#### Brief
Take the lines below beginning at the line that has "khaki green baby" and stopping after the line that has "Man pulling one", and print them exactly as they are, with no other lines.

(The data Opens)

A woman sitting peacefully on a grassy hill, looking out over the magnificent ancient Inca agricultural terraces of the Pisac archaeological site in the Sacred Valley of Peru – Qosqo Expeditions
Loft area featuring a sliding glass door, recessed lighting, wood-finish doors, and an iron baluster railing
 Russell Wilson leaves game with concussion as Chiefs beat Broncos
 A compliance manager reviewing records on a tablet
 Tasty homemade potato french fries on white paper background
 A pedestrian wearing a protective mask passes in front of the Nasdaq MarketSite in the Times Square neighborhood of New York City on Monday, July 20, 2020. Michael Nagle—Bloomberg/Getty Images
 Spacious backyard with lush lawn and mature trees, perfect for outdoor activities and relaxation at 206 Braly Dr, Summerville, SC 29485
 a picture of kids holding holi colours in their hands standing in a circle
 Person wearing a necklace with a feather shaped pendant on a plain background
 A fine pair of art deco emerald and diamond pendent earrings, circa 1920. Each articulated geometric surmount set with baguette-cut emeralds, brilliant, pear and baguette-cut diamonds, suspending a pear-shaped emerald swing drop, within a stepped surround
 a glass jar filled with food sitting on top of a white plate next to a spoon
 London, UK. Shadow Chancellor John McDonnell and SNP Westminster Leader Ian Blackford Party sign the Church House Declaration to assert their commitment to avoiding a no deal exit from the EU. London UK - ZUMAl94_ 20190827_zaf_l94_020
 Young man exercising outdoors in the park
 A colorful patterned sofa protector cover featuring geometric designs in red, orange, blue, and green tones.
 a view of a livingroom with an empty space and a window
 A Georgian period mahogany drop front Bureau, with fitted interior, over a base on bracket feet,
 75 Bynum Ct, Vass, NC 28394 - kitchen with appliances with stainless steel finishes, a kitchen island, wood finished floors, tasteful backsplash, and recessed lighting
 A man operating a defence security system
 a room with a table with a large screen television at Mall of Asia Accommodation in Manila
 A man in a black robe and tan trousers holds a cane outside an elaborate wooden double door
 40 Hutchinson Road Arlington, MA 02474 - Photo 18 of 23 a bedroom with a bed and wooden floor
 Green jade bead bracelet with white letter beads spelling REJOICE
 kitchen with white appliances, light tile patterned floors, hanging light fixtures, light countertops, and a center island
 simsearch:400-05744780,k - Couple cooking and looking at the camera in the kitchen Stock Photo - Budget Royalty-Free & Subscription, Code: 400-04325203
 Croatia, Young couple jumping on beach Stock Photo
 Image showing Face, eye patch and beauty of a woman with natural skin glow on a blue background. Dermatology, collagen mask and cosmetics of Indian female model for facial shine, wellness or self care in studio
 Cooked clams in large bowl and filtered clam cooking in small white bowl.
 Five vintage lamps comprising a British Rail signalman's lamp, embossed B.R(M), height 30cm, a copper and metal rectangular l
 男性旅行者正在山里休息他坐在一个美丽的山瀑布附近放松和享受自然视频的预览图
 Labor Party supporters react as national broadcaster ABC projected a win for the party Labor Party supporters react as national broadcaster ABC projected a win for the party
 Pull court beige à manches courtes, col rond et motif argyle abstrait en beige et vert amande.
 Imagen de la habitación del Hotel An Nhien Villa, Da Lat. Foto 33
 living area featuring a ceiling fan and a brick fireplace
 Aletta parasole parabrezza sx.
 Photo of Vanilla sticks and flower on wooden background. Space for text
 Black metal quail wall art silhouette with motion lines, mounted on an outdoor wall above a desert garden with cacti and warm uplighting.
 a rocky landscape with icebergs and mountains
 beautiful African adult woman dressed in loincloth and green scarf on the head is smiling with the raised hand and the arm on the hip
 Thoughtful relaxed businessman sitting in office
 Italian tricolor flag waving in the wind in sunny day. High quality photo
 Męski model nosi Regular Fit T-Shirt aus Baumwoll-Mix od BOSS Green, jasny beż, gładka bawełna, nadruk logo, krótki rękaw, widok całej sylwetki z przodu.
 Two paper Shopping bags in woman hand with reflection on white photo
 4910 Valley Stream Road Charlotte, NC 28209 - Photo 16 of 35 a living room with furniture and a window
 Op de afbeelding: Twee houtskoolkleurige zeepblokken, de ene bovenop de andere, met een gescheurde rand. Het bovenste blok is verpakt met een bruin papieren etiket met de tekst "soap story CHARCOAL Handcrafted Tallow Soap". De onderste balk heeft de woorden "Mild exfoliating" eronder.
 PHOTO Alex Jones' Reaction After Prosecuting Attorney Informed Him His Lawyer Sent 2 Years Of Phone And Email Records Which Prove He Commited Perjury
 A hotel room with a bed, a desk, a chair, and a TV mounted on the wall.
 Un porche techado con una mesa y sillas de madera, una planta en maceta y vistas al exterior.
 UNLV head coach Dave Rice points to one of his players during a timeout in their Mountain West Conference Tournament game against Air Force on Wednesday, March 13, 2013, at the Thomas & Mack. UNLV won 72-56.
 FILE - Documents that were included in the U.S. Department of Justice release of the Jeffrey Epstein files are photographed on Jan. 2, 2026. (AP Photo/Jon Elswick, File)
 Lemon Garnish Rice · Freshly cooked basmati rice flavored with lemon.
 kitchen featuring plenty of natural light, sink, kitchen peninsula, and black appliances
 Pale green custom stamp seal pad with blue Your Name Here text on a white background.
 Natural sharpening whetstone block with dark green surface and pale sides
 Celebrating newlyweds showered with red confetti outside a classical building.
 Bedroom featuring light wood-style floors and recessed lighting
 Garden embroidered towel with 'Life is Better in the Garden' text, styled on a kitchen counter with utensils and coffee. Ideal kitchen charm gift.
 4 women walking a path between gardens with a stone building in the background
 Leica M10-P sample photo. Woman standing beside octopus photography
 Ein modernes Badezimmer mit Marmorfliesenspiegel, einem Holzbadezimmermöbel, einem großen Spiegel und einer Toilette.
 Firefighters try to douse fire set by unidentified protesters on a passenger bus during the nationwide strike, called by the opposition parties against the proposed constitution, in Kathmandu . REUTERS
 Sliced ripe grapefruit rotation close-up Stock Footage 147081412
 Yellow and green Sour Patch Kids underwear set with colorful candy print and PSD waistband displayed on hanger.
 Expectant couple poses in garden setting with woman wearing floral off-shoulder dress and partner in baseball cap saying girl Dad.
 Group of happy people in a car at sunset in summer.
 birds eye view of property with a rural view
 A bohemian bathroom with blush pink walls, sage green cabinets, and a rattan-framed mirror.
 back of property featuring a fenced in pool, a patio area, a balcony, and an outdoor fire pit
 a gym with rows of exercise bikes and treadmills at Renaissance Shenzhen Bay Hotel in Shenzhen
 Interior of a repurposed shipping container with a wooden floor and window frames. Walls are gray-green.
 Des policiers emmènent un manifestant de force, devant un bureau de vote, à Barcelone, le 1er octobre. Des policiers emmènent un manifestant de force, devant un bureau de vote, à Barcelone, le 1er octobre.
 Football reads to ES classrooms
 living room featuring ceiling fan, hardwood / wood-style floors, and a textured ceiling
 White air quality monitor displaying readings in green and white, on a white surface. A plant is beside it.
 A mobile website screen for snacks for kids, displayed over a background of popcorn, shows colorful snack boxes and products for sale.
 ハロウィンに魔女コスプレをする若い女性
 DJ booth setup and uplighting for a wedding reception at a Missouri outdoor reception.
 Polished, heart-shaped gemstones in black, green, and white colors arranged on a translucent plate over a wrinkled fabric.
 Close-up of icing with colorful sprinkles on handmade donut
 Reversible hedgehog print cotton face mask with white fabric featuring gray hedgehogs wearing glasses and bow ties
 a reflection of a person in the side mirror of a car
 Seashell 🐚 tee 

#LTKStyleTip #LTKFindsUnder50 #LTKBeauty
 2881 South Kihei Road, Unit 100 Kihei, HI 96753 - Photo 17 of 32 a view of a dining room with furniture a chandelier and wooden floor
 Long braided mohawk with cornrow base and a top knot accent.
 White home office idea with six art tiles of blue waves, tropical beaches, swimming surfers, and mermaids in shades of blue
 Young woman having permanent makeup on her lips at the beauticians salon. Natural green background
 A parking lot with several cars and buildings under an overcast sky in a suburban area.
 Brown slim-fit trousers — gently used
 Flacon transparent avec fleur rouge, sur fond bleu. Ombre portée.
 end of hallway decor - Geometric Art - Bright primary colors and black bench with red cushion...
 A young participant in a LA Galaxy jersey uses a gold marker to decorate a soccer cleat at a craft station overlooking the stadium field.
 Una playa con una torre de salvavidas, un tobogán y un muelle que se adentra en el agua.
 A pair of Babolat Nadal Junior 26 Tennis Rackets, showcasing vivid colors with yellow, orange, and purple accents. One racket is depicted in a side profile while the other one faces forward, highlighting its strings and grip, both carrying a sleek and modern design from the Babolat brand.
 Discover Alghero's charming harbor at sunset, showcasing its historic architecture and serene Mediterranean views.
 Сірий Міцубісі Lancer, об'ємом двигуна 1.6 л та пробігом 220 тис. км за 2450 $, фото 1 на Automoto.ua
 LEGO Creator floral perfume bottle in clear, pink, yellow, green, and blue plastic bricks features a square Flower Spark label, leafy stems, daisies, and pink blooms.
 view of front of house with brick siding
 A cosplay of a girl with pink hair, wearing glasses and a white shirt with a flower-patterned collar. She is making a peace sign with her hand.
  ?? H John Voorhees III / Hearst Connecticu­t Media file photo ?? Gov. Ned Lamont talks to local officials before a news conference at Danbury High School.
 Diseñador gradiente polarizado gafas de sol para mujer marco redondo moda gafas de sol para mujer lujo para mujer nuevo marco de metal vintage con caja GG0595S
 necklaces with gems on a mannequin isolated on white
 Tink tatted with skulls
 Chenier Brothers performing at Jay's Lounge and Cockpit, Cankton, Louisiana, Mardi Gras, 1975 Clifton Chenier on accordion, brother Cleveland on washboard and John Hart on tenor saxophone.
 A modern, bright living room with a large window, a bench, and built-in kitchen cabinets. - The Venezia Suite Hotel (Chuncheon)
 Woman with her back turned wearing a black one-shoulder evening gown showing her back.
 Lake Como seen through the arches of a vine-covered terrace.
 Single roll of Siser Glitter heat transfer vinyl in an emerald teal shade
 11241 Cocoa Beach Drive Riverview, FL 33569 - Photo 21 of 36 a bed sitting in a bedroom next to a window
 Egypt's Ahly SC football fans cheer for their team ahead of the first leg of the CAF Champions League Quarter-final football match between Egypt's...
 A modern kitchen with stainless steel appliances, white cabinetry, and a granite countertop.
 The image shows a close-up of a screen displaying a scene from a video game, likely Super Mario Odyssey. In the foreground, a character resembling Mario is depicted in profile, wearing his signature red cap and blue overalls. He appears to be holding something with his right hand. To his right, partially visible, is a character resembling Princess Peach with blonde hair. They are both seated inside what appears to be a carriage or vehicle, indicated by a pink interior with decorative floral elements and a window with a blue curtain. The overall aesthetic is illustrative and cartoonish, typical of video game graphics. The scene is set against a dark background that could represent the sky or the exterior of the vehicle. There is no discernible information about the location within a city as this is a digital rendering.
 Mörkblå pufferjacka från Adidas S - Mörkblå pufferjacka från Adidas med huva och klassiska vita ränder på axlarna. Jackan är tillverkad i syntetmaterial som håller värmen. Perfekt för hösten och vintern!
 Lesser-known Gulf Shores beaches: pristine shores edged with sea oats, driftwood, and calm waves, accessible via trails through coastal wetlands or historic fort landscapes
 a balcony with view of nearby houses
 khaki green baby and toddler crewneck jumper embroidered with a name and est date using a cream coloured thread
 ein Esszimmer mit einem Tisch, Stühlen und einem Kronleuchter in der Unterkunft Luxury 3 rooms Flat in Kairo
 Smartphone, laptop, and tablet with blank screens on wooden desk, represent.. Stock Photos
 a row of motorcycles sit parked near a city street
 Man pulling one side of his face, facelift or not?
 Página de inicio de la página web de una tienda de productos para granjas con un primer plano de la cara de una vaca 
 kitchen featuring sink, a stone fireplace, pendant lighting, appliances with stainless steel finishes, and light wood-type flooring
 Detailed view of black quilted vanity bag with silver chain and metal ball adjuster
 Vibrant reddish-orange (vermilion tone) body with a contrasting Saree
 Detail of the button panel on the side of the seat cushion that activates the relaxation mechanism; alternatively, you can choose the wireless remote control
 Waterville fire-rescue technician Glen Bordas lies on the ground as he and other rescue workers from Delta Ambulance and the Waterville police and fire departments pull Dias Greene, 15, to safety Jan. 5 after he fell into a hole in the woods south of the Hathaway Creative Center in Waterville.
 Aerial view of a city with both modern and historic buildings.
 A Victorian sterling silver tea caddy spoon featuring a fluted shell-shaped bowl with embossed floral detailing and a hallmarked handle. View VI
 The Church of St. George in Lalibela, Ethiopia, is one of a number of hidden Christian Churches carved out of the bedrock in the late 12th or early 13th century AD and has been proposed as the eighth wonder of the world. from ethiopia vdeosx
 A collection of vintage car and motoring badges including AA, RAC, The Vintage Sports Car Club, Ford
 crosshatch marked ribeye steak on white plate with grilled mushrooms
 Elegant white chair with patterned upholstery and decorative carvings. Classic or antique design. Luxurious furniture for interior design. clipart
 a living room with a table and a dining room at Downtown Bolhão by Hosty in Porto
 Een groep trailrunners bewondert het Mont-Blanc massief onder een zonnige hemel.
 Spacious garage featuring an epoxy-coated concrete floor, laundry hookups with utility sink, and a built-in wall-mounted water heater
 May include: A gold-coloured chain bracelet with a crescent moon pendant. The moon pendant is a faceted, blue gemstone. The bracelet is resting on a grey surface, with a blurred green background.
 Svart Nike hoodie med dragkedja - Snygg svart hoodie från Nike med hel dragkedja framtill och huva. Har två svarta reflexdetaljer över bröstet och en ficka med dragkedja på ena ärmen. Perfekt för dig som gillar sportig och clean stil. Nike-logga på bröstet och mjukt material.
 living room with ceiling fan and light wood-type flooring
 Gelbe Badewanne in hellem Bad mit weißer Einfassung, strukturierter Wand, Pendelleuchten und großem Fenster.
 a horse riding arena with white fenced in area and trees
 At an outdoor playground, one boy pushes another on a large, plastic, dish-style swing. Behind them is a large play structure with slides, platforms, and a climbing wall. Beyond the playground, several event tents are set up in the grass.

(The data Closes)

#### Solution to this problem
 khaki green baby and toddler crewneck jumper embroidered with a name and est date using a cream coloured thread
 ein Esszimmer mit einem Tisch, Stühlen und einem Kronleuchter in der Unterkunft Luxury 3 rooms Flat in Kairo
 Smartphone, laptop, and tablet with blank screens on wooden desk, represent.. Stock Photos
 a row of motorcycles sit parked near a city street
 Man pulling one side of his face, facelift or not?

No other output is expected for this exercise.